ISO102400の超高感度撮影ではノイズのせいで全体的に緑色っぽくなってしまった写真も、AIノイズ除去にかかればすっきり綺麗、ぱっと見違和感のない様子に。
建物のパステルカラーを見事に再現!特に右から2番目にある薄い紫の壁面の色は見事です。
元画像はざらざら過ぎて何が写っているのかも怪しいレベルでしたが、ノイズ除去後はきれいさっぱり!
ノイズ除去前のざらざら感はすっきりなくなって、ぱっと見綺麗に仕上がっています。しかし、左下のマゼンタのシミや、右側が全体的に緑色に倒れている感じは残ってますね。
水面のテカテカ具合は思った以上に綺麗に仕上げていますね。
中央にそびえるタワーオブテラー、くっきりしました。
手前の地面全体は面白い傾向です。全体的にマゼンタ掛かっており、中央右寄りに緑色の太い縦線が見えます。よく見るとノイズ除去する前からその傾向が出ています。
うちのネコ。ぷりんです。毛の色が再現されていて驚き。
マゼンタや緑などの色ノイズは残りますね!
うちのネコ。くっくです。やっぱり色ノイズは残ります。グレーの毛なんですがお尻の方がマゼンタになっちゃいました。質感も全体的におかしく、ぺっとりしています。一方で瞳や鼻の色が見事に復帰しているのには驚愕です。
結果と考察
今回は味見ということで、ISO感度最高かつノイズ除去強度も最強という、最も極端な条件でのみ試写を行ってみました。
結論としては「どれだけ高い感度で撮影してもAIノイズ除去を使えば問題ないレベルまで復活させられる万能ツール」とは言い切れないことが分かりました。
【優れた点】
サムネイル程度のサイズに縮小表示にすると、まさかISO10万で撮影しているとは思えないレベルの絵に仕上がります。シーンによってはパッと見使える写真にまで戻る印象。
特に昼の明るい環境で撮られた写真は綺麗にしやすい様子。
色再現は驚異的。ほとんどノイズに埋もれているように見える部分でもかなり綺麗に描写できているように見受けられます。
【考慮すべき点】
暗いシーンの絵では限界がある様子。暗所に発生する緑やマゼンタのボテッとしたノイズは消しきれていません。
細かい模様は崩れたり溶けたりする様子が見られます。これは明るくても暗くても発生しますね。
ノイズに埋もれてしまったテクスチャやディテールは流石にほとんど帰ってきません。
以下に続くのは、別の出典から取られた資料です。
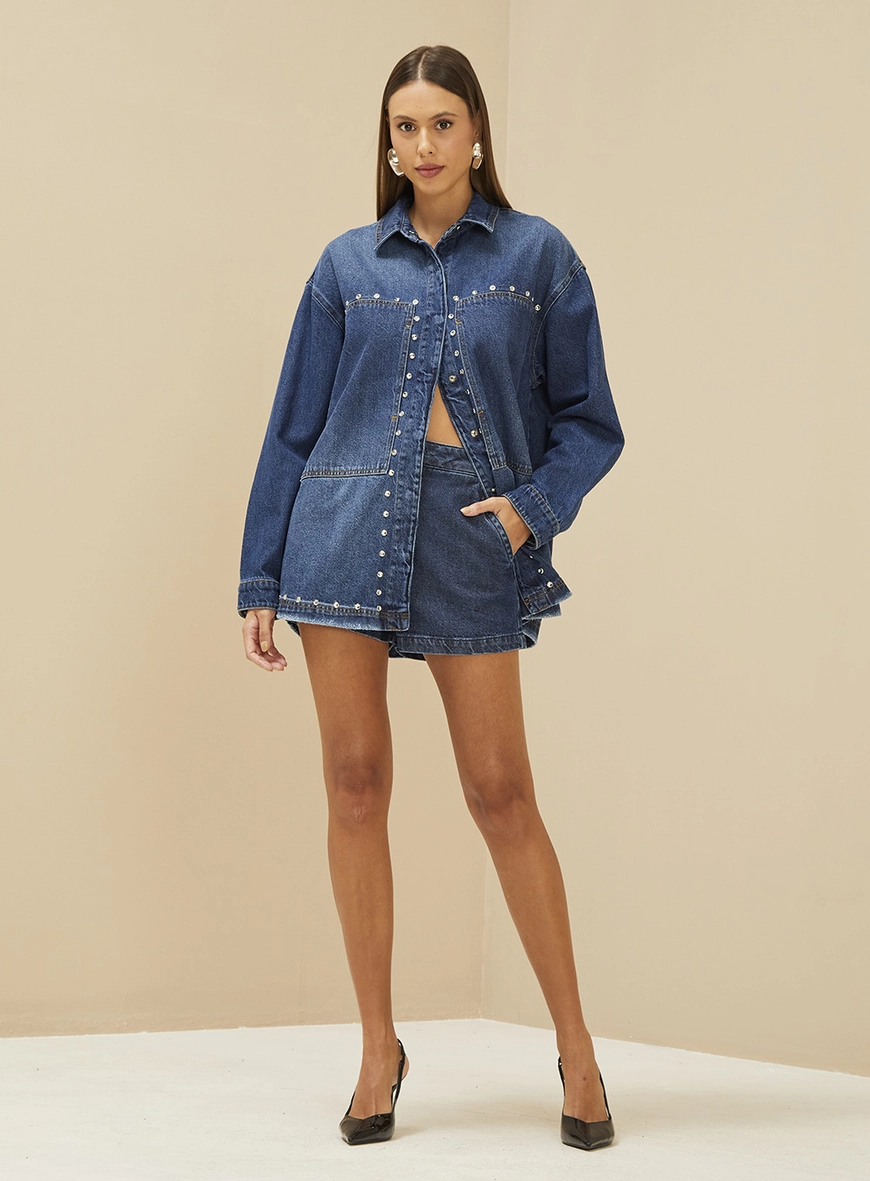 Jaqueta Feminina Jeans Com Aplicação Índigo 5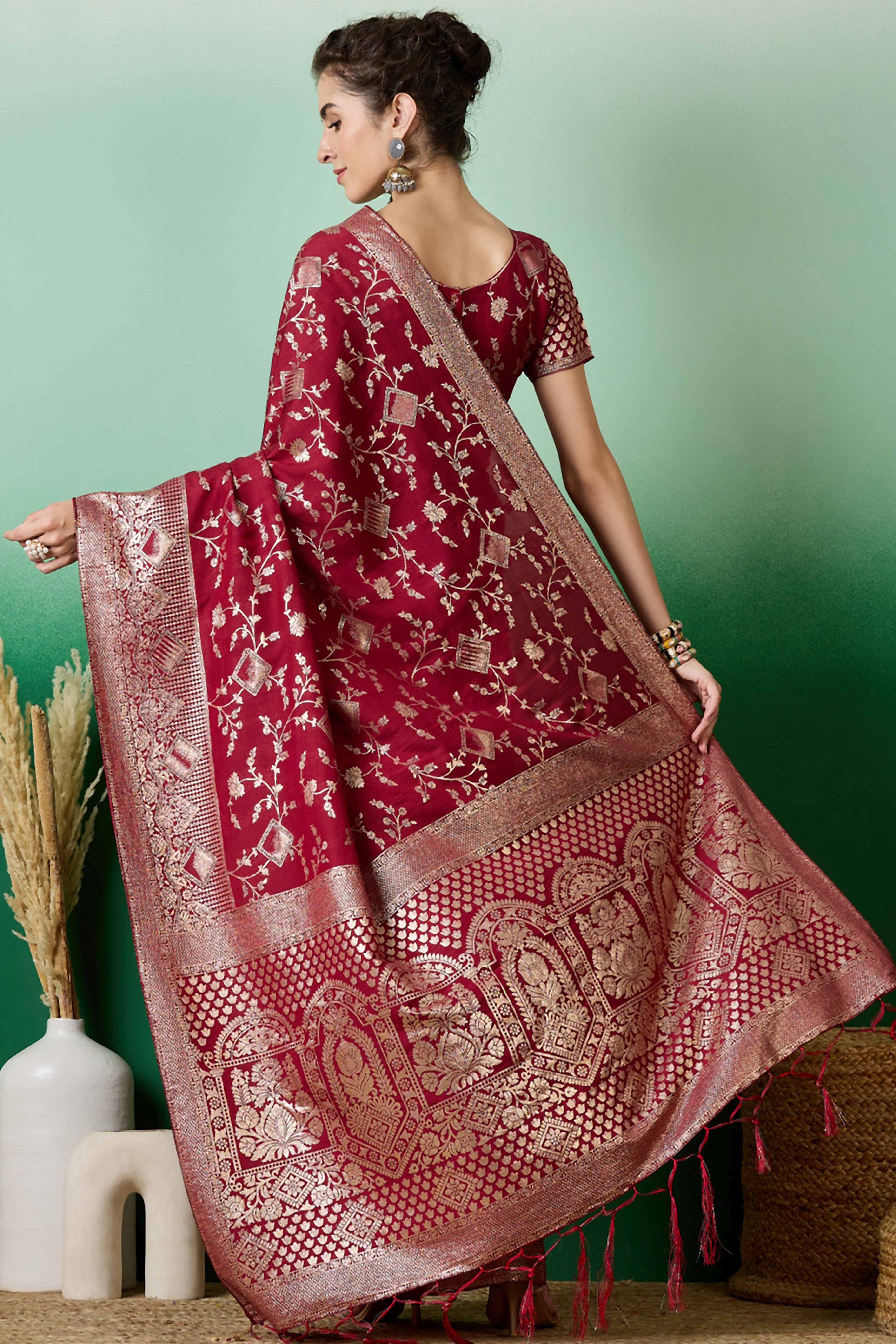 Maroon Cotton Blend Saree With Intricate Floral Zari Weaving & Soft Tassel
猫の毛並みや細い線などが良い例。
今後の課題
味見にしても撮影シーンが少なく、まだまだ試し足りないのが正直なところ。人物撮影や昆虫、動物、星空、などなど。というわけで、今後も面白いシーンが撮れ次第この記事に追加していこうと思います。
常用ISOの範囲で、ノイズ強度も控えめに適用した時の挙動が気になります。
所有しているカメラの中で最もノイズに強いフルフレームのカメラを使いましたが、APS-Cや1inchなどのカメラの実力も見てみたいです。
おわりに
今回はAIノイズ除去の実力を味見するという名目で、極端な条件を設定して実写撮影で様子を見てみました!
ざらざら感はいくらでもきれいにできる!
色も見事に再現できる!
暗いシーンや細かい描写は崩れてしまう傾向アリ
面積の広い色ノイズは残ってしまう傾向アリ
残念ながらどんな撮影条件・どんなシーンにも耐える無敵の万能ツールとはいかなさそうです。しかし使いこなせばきっと強い味方になるはず!
次回以降は、さらに条件を振った試写を続けながら、定量的な測定も交えてこの機能を分解していこうと思います。
ここまでお読みいただきありがとうございました。
使用機材
■SONY α7RIII
■SONY SEL20F18G
■SONY SEL50F25G
■FastStone Image Viewer
この記事が参加している募集
この記事が気に入ったらサポートをしてみませんか?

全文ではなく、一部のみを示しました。